In 1971 Roman appeared as Marjorie Worth on "The Men From Shiloh" (rebranded name for the TV western The Virginian) in the episode titled "The Angus Killer."

In 1960, Roman was honoured with a star on the Hollywood Walk of Fame at 6672 Hollywood Boulevard for her contribution to television.

Personal life

Roman was married four times.  She had one son, Richard Roman Hall on November 12, 1952 , with husband Mortimer Hall, son of publisher Dorothy Schiff.

She married Hall on December 17, 1950. In 1956, she sued him for divorce, and the divorce decree became final on April 15, 1957.
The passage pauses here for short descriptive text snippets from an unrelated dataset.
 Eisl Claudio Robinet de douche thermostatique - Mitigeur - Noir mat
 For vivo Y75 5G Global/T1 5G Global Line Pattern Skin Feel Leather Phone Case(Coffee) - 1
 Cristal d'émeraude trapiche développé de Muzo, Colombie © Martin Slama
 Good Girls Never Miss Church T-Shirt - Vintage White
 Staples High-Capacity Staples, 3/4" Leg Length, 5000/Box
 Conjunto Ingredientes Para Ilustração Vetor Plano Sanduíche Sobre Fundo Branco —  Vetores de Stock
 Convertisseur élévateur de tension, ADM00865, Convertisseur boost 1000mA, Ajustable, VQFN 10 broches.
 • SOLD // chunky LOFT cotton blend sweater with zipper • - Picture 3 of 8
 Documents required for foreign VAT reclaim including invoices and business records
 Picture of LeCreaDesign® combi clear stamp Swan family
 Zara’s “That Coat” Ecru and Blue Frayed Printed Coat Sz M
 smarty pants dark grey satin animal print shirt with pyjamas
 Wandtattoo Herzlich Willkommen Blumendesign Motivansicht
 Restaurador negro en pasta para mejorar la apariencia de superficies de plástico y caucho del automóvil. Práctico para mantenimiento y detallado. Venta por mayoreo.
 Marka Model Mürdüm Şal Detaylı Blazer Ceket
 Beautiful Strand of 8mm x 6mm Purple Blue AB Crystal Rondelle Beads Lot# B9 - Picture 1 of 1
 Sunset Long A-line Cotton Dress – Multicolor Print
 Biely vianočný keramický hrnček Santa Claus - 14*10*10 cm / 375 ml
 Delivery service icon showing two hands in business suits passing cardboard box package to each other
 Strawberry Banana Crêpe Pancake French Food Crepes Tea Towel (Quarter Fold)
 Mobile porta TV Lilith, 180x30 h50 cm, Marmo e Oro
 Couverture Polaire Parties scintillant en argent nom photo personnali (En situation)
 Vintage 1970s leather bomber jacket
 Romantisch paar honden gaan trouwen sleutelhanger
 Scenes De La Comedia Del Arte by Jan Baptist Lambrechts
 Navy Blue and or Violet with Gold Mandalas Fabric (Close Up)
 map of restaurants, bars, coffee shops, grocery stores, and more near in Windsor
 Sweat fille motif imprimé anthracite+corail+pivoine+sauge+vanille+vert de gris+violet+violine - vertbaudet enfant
Roman was a Democrat who supported Adlai Stevenson's campaign during the 1952 presidential election.

SS Andrea Doria sinking
In July 1956, Roman was just finishing a trip to Europe with her three-year-old son Richard. At the port of Cannes they boarded the Italian passenger liner SS Andrea Doria as first-class passengers for their return passage to the United States. On the night of July 25, the vessel collided with the Swedish passenger liner MS Stockholm.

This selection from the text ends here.